[[ Supplied material, beginning ]]
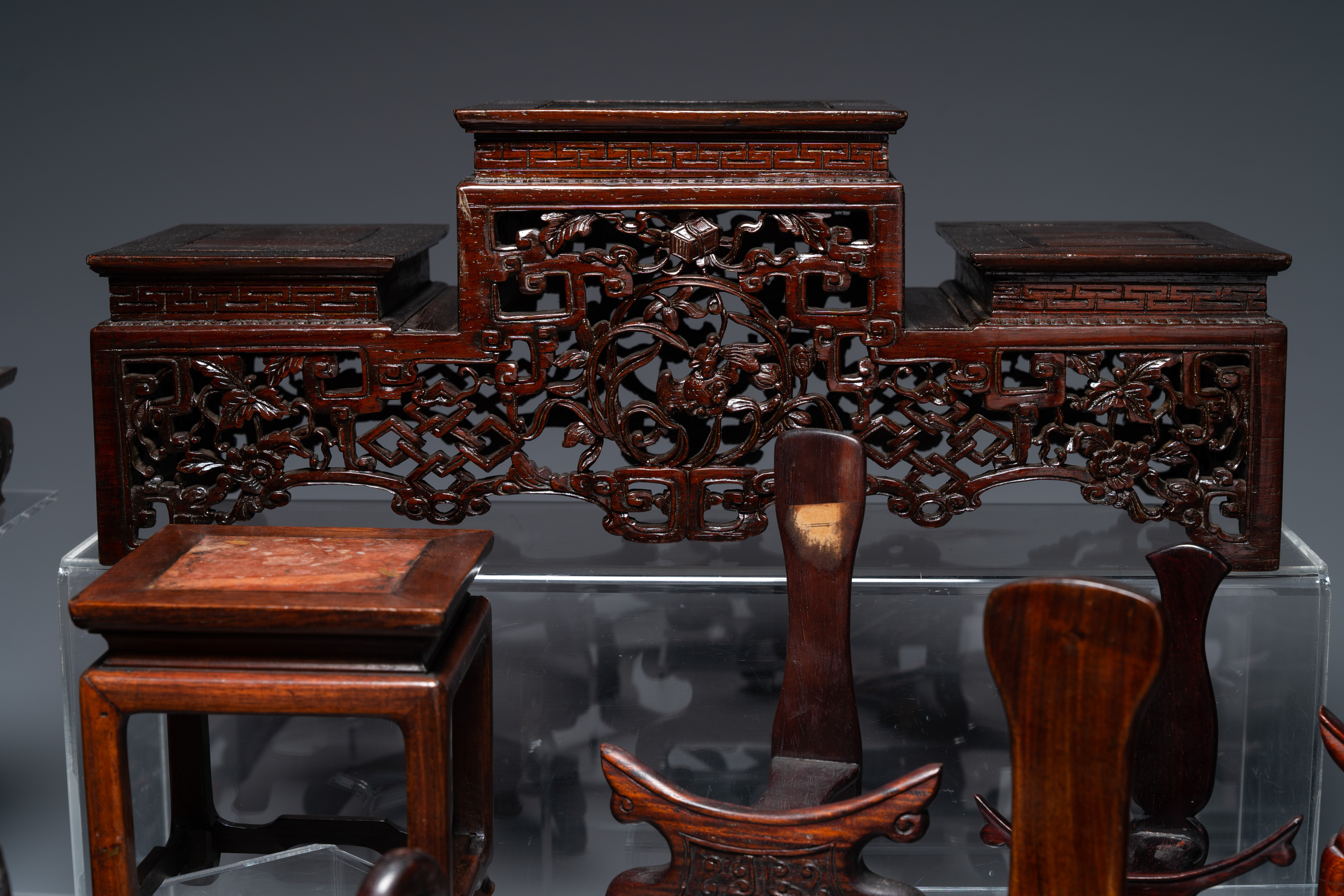 A collection of 26 varied Chinese wooden stands, 2 with marble tops, 19/20th C. - Image 6 of 6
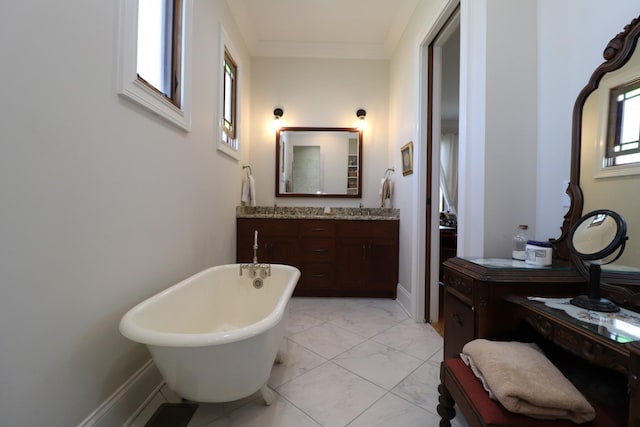 full bath featuring crown molding, baseboards, a freestanding bath, marble finish floor, and vanity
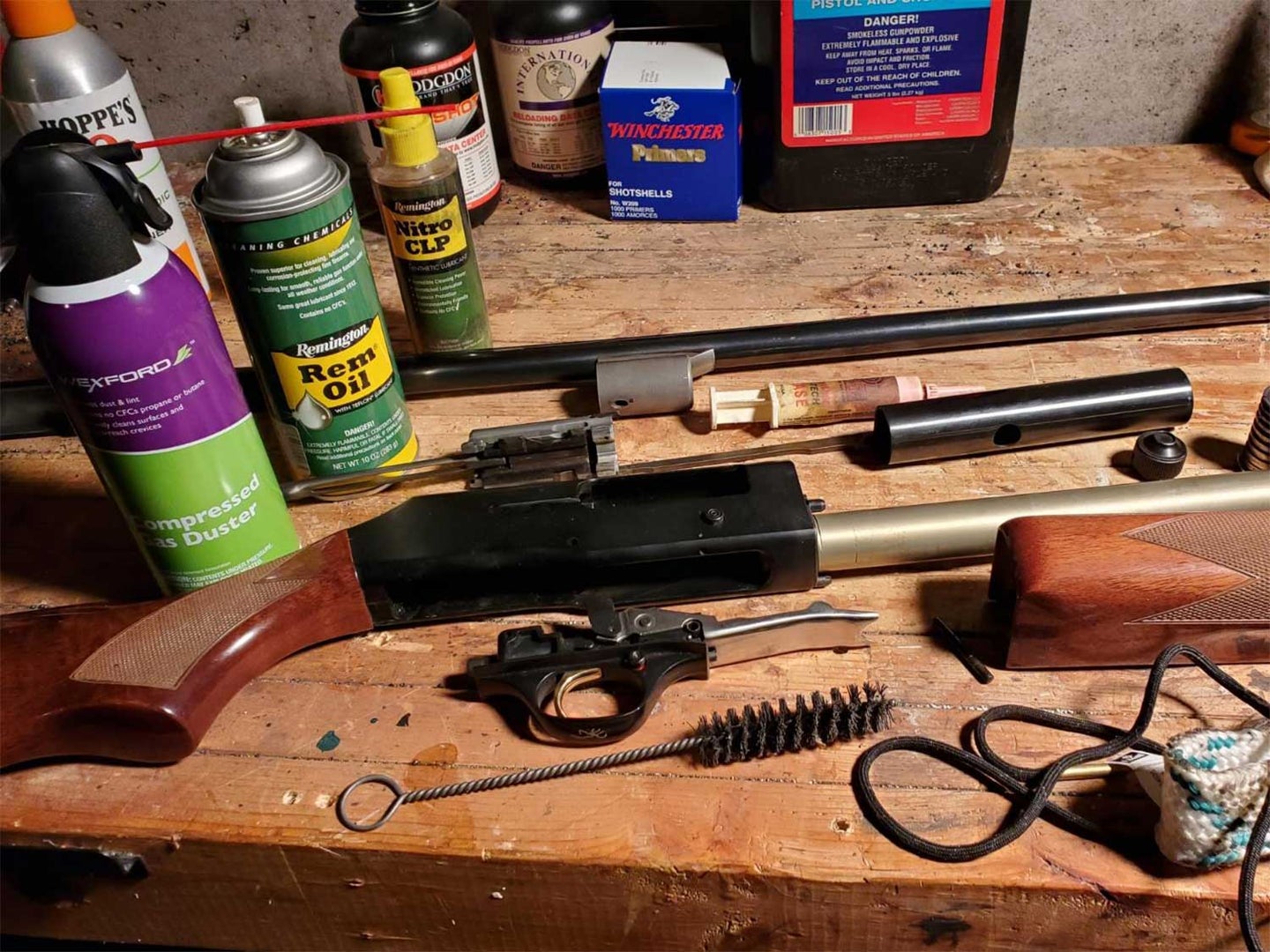 A disaassembled shotgun on a table next to cleaning supplies and tools.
[[ Supplied material, end ]]
**Task instructions:**
Copy exactly, please, every line from the one holding "full bath featuring" through the last line of the data, both ends included, and no pictures.

**Solution:**
 full bath featuring crown molding, baseboards, a freestanding bath, marble finish floor, and vanity
 A disaassembled shotgun on a table next to cleaning supplies and tools.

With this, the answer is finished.